Years ago I went to hear a singer-songwriter whose songs were darkly eccentric and her stage presence full of mystery.
If she had sung her songs without comment, I would have been the first to worship at her temple. But instead she explained how each song came about, sometimes AFTER singing it, with a few remarks, in monotone, about its source–an item in the New York Times, a phrase her grandma used to use, a cute remark by her toddler, etc. She had a great talent, but undercut it with trivial patter, shrinking her songs down to the level of everyday banality.
Is there advice here for the novelist? Yes: Keep your sources, whatever they are, outside the boundaries of your dust jacket.
In fiction, it’s the illusion that counts. Your reader hasn’t come to you for news about YOUR life (harsh, but true), nor for revelations about the everyday details of your creative process, your research, or your overarching intention. They want to luxuriate inside the bubble of a good story. And they don’t want anything to pop that bubble.

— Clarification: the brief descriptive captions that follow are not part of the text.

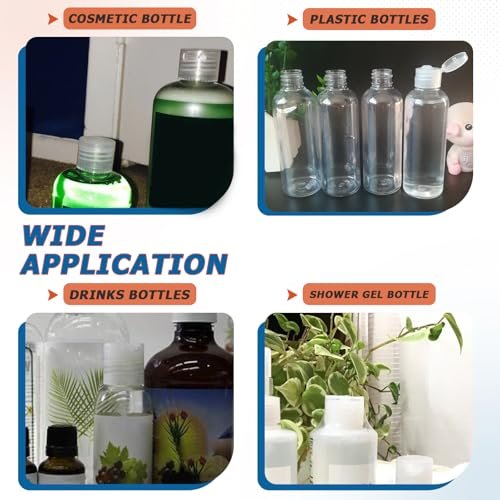 20-Pack Reusable Leak-Proof Flip Top Snap Top Dispenser Caps - 5 Sizes for Most Bottles, Zero Waste Solution with Bottle Emptying Caps Included - görsel 8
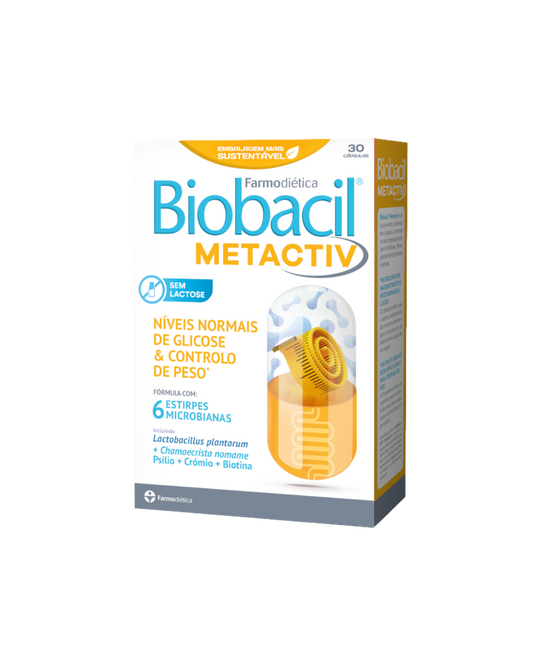 BIOBACIL METACTIV – 30 CÁPSULAS – FARMODIÉTICA
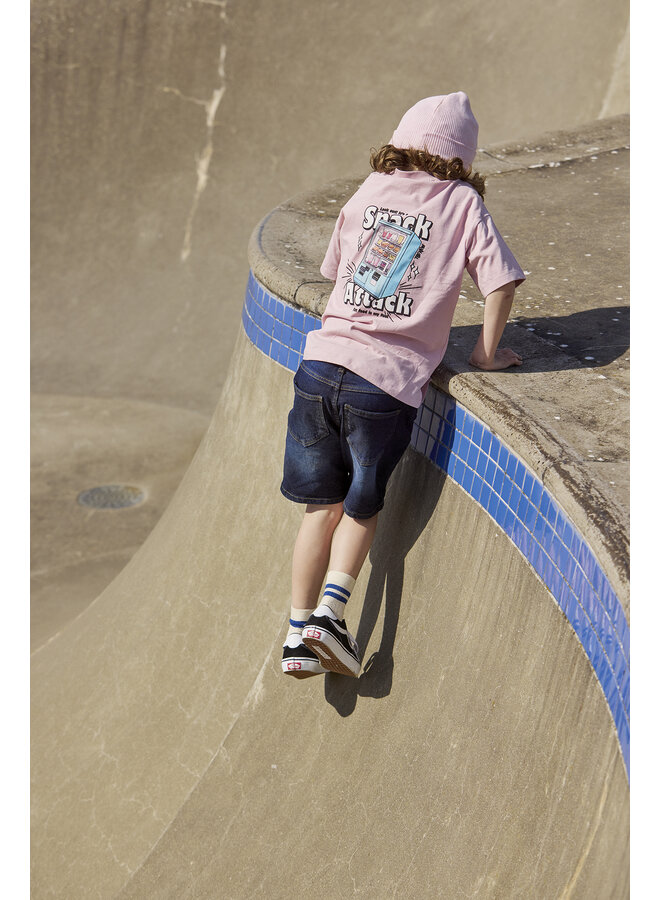 The New - Snack oversized tee - Silver pink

Magic is no fun if you know how every trick is done.
Kurt Vonnegut was a total believer that every element–title, dedication, preface, chapter headings, everything–should be part of furthering the illusion. Mother Night, for example, is a novel about a WWII double agent facing execution. It is dedicated to “Mata Hari.”
For David Guterson, the principle doesn’t seem so crucial. In Snow Falling on Cedars, a WWII-era California Anglo boy and his Japanese-American girlfriend are wrenched apart by theĀ the ruthless concentration-camp internment of her and her family. I loved this book. I finished it thanking Guterson for the experience it gave me.
Then I read his afterword, a thank-you to the archive where he got his story material, and the bubble popped. Now it was history.
(Nothing wrong with history. But that’s not what I come to a novel for.)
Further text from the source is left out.